An exact copy is required of every line from the one with "配上香甜的芝麻醬,清新開胃。" through the end of the data below, and the pictures must stay out of it.

___ SOURCE MATERIAL

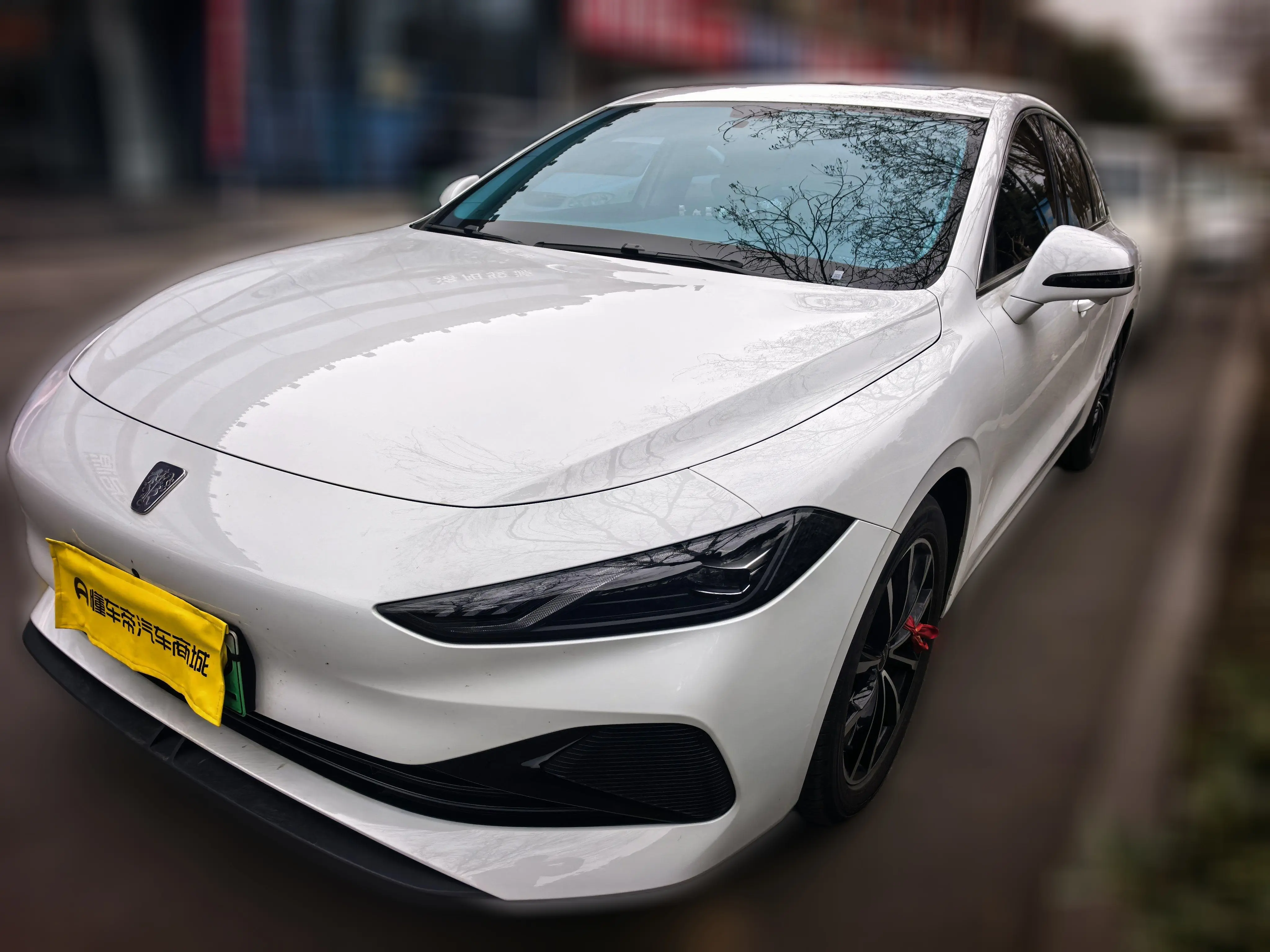 Roewe D7 DMH  из Китая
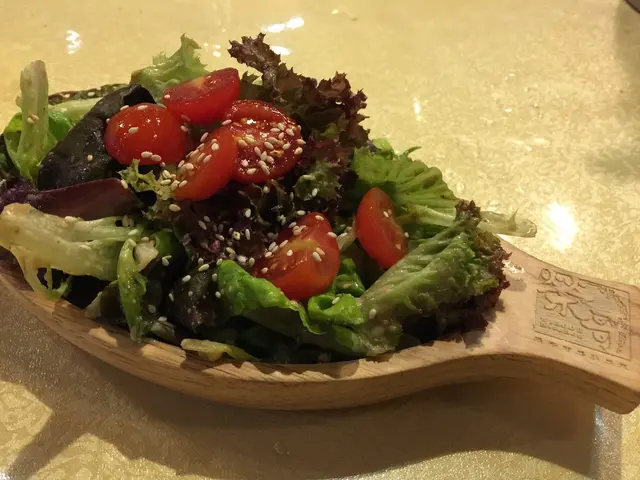 沙律菜新鮮爽脆,加上開邊車厘茄,
配上香甜的芝麻醬,清新開胃。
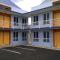 Orange Rembrandt Studio Apartments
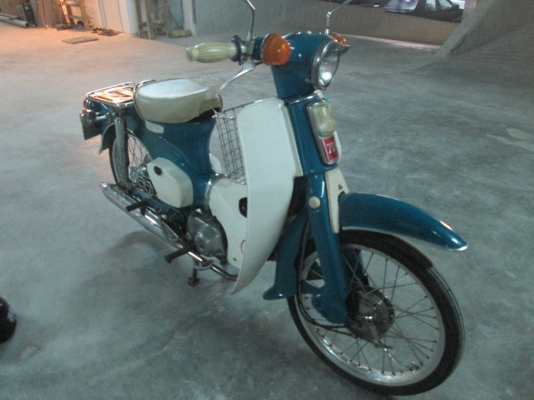 ขายคับ c ถังแยก แฮนด์ตรง เครื่องเดิม สภาพเทวดา ทะเบียนพร้อมโอน 18500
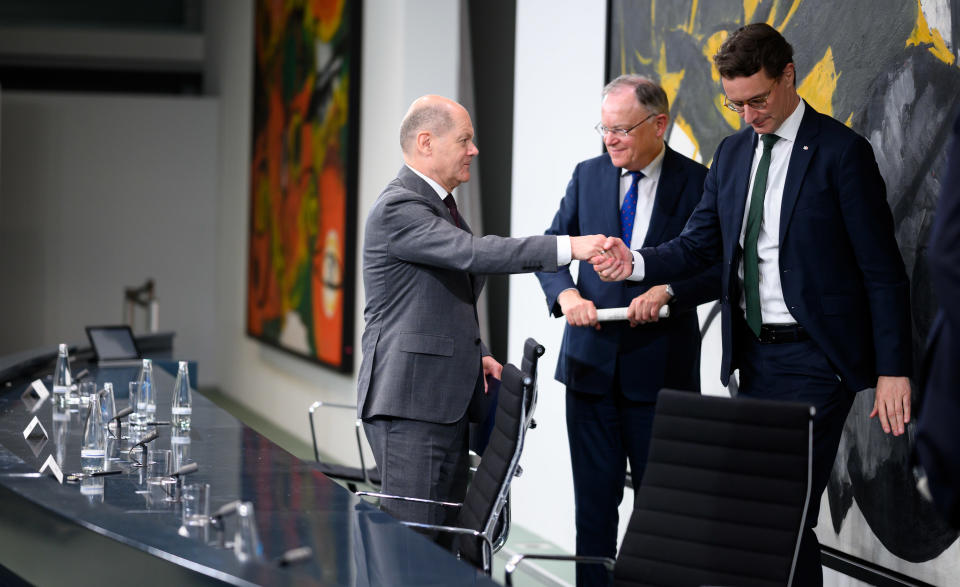 Bundeskanzler Olaf Scholz, Stephan Weil, Ministerpräsident von Niedersachsen und amtierender Vorsitzender der Ministerpäsidentenkonferenz, und Hendrik Wüst, Ministerpäsident von Nordrhein-Westfalen, verlassen die Pressekonferenz nach dem Flüchtlingsgipfel.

______

--- ANSWER AREA ---
配上香甜的芝麻醬,清新開胃。
 Orange Rembrandt Studio Apartments
 ขายคับ c ถังแยก แฮนด์ตรง เครื่องเดิม สภาพเทวดา ทะเบียนพร้อมโอน 18500
 Bundeskanzler Olaf Scholz, Stephan Weil, Ministerpräsident von Niedersachsen und amtierender Vorsitzender der Ministerpäsidentenkonferenz, und Hendrik Wüst, Ministerpäsident von Nordrhein-Westfalen, verlassen die Pressekonferenz nach dem Flüchtlingsgipfel.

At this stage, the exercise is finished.